*Instructions to follow*: In the listing, determine how many lines contain "with". The reply is that number alone.

*Data under study*:
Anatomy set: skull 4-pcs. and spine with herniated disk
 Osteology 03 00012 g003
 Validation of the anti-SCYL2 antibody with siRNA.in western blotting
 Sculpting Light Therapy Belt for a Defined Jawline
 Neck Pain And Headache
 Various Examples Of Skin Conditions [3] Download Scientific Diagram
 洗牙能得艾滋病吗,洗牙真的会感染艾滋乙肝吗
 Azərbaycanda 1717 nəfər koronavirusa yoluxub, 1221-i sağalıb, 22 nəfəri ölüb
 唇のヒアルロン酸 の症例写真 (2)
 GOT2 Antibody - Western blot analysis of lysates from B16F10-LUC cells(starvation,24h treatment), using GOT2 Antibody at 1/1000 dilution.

*The answer*: 2